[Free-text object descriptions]
--------

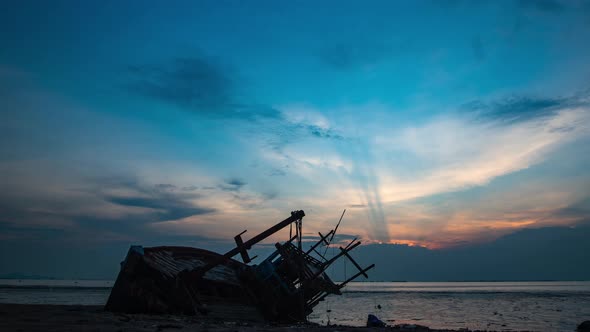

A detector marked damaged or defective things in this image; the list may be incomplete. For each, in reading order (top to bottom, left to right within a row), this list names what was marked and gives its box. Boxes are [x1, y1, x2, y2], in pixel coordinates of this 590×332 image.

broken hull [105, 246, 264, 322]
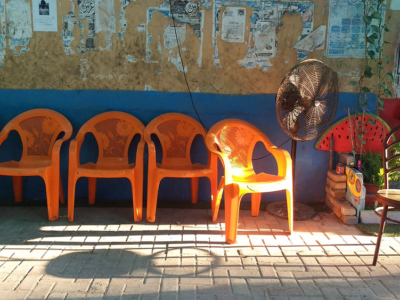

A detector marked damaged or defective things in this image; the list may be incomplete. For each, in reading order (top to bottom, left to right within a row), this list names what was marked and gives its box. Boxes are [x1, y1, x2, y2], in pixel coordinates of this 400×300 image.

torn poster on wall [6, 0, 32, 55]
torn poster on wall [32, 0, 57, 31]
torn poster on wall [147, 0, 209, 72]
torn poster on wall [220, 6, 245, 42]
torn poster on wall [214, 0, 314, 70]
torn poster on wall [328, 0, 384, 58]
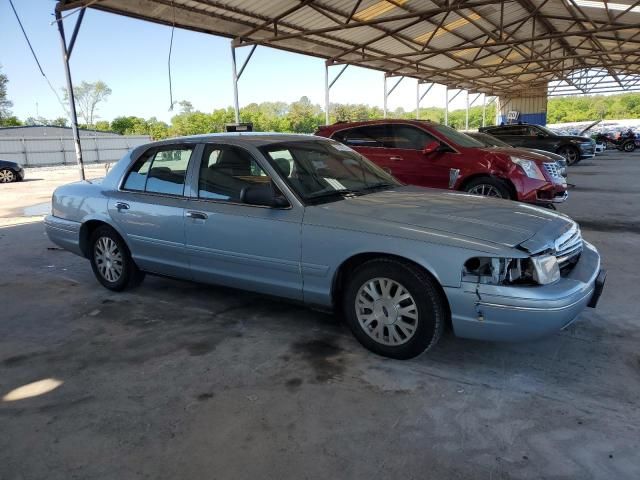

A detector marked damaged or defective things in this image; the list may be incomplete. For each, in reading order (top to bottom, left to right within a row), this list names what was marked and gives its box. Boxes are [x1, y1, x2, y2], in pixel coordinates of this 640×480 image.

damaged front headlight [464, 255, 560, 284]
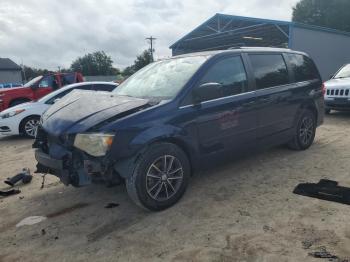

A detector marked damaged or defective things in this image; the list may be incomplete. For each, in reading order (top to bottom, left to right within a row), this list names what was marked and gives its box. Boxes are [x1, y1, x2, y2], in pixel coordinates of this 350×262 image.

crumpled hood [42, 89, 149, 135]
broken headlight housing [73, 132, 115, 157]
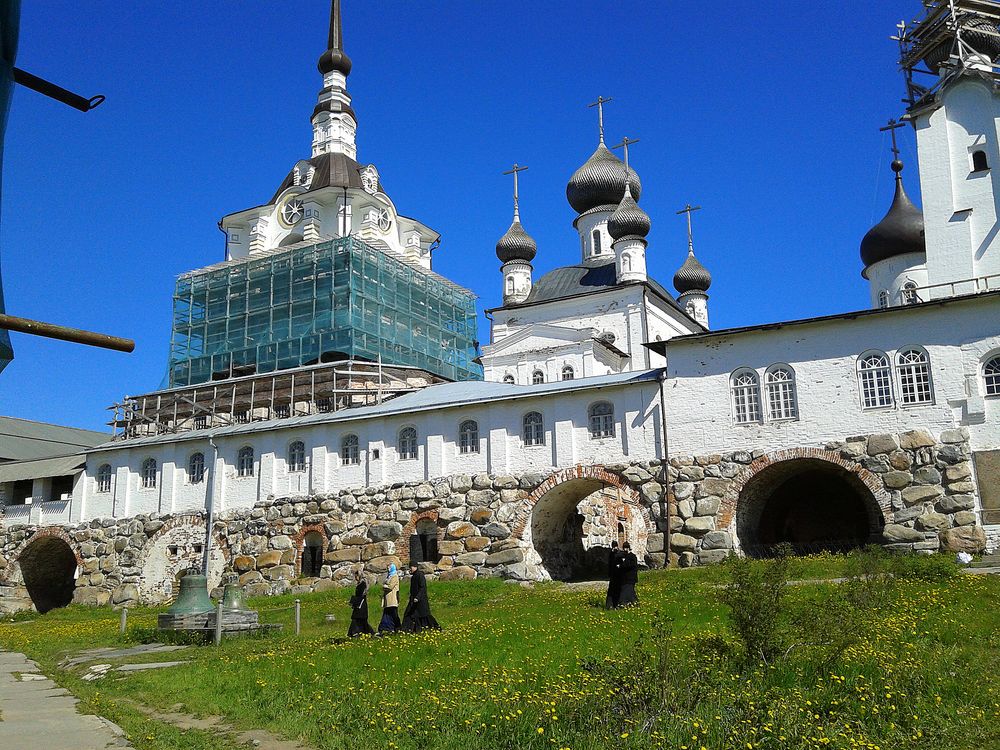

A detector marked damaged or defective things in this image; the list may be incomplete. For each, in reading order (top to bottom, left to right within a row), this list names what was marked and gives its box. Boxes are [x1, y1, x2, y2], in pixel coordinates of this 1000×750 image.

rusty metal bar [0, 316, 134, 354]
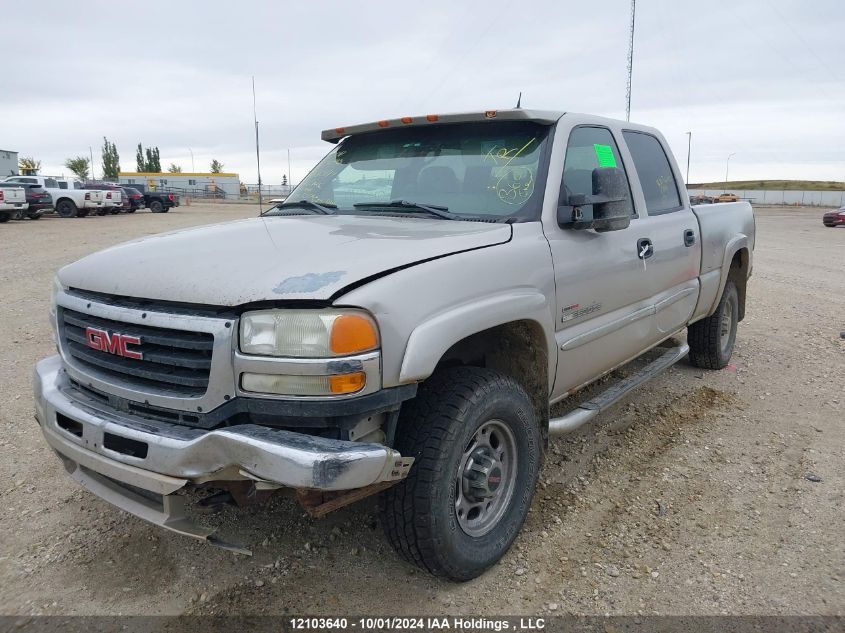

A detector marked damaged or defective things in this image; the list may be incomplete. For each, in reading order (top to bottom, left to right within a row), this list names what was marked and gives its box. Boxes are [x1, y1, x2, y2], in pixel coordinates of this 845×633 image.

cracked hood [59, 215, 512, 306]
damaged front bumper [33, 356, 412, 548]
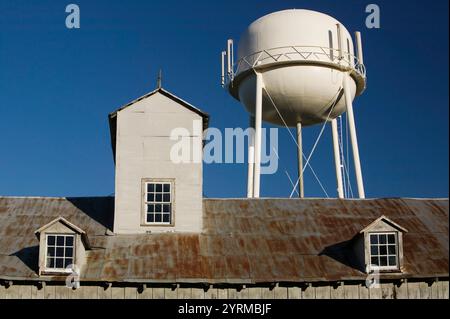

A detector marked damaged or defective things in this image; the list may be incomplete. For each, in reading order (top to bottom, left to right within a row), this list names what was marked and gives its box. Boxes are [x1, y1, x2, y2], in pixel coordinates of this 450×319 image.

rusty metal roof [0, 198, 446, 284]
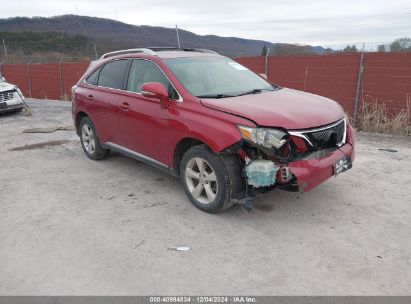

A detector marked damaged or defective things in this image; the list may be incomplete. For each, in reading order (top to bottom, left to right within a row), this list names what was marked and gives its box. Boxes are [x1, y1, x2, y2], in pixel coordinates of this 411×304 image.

--------

## WHAT YOU ARE ASKED TO DO
The pictures stay out; repeat exactly the lines from the one with "this 450×319 image." to the end of the entries above, and nothing else.

## COMPLETED TASK
A detector marked damaged or defective things in this image; the list may be incomplete. For each, in reading order (top to bottom, left to right within a row), this list names what was marked and gives its box. Boxes are [x1, y1, x2, y2], in pixel coordinates of this 450×319 image.

rusty metal roof [0, 198, 446, 284]

A detector marked damaged or defective things in this image; the list may be incomplete. For each, in reading order (top to bottom, left to right within a row), this list names what was marked and gives its box. Boxes are [x1, y1, x2, y2], in pixel coordinates of this 411×304 image.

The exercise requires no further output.